Back to Community
In Sample VS Out of sample test

Hello Guys!

I'm interested in your in-sample and out-of-sample testing.

For the 2016-2019 (36 month) period, I have made 3,000 strategies using the Random generation method.
I did not use an out of-sample period, just mentioned above
3 years as in-sample.
For this three-year period, all 3000 strategies are more than $ 5
expectancy and 0.90 have greater stability.

Then I started testing all 3000 strategies in "retest" mode,
for periods outside the in-samples: 10,20,30,50,100,200,400% for the period.

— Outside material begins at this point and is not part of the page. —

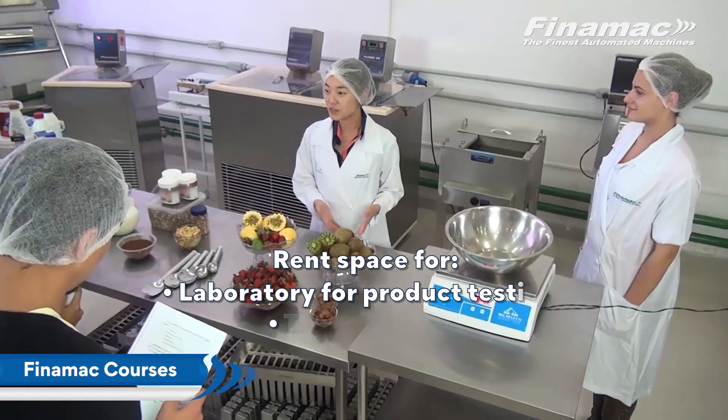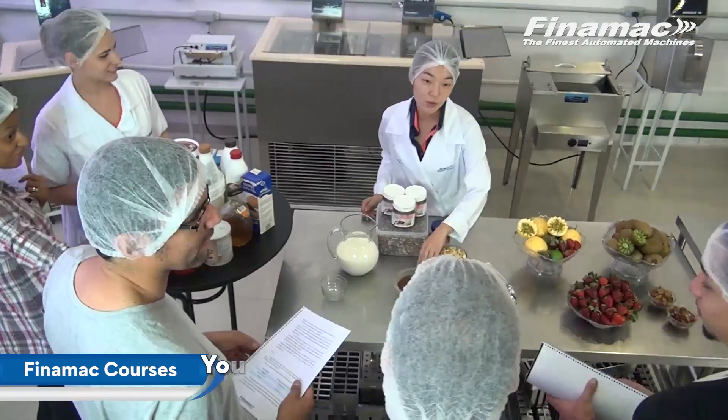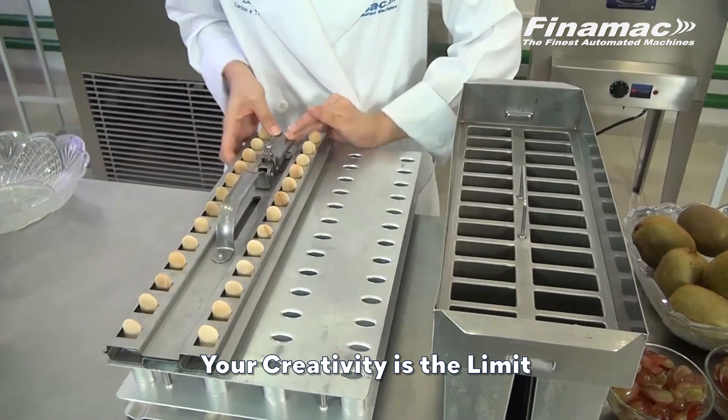Welcome to the Finamac showroom. Here you'll find our machines in a large testing laboratory with all the support you need to test your products. Take a closer look at the technology chosen by ice cream producers all over the world.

10% OOS: 3.6 month: 2015.11.01 - 2016.02.15
20% OOS: 7.2 month: 2015.07.02 - 2016.02.15
30% OOS: 10.8 month: 2015.04.01 - 2016.02.15
50% OOS: ...
100% OOS: ...
200% OOS: ...
400% OOS: 144 month: 2004.02.15 - 2016.02.15

I noticed that as the size of the out-of sample period increased,
less and less of the 3000 strategies
with a expectancy of more than $ 5 and a stability of greater than 0.90.

Do I see things right?
Why is that?
How to set In-sample and Out-of-samplet?
In-sample should be the latest data and the older one is out of sample,
or vice versa?
What ratio should I use for IS and OOS?


1 response

I don't know that there are any hard set rules for in-sample (IS) vs out-of-sample (OOS). Some people use 50% IS and 50% OOS. Others use 80% IS and 20% OOS. Personally I try to save at least 10-20% of the data for OOS, sometimes more.

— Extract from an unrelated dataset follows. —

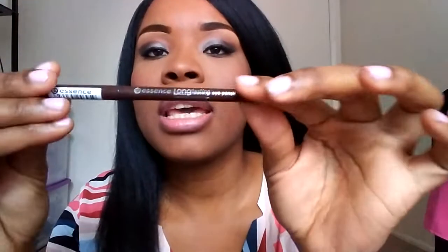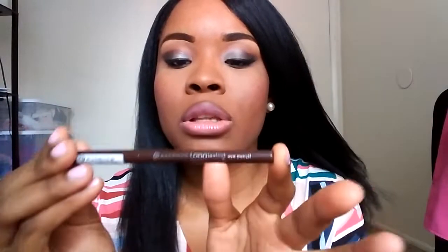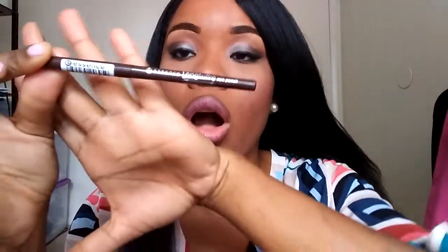Lastly, I have these pencils — the Essence long-lasting eye pencil. I got this for $2. I don't have the receipt with me but if I do I will show you the price.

Should IS data be the latest and OOS data older? Not necessarily I think, but there's nothing wrong with that either. You still have to deal with non-stationarity though, so what 'worked' most recently may not have worked in the far past or in the future. For this reason, I like to use Thomas' NB that can be found on this post. I need to use it more often really.

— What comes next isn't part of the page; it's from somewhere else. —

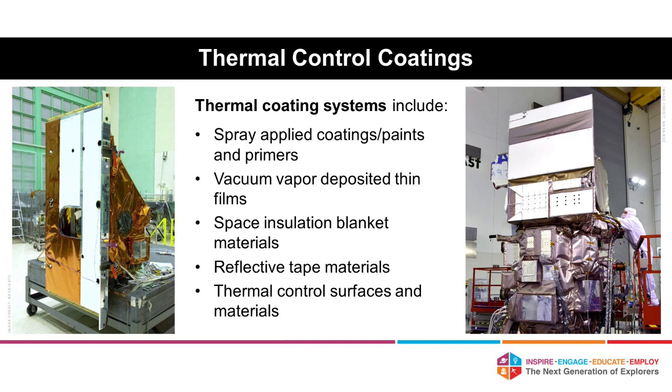Thermal coatings can include a variety of things — spray-applied paints and primers. On the picture shown here, on the left is TEARS, and on the right is the ATLAS instrument on ISAT-2. The white areas you see there are white radiator coatings. You can also have thin film coatings, which are vacuum-deposited, also space insulation blankets, and reflective tape materials as well.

Lastly, you might want to look at the 'law of large numbers' and survivorship bias. Roughly half of 3000 people 'predicting' a coin flip will guess/predict correctly. 750 will guess correctly two times in a row. 375 will get it right 3 times in a row. And 3 people out of the 3000 might be able to guess correctly 10 times in a row. Does that make those 3 people any better at predicting coin flips? Or where they just randomly lucky?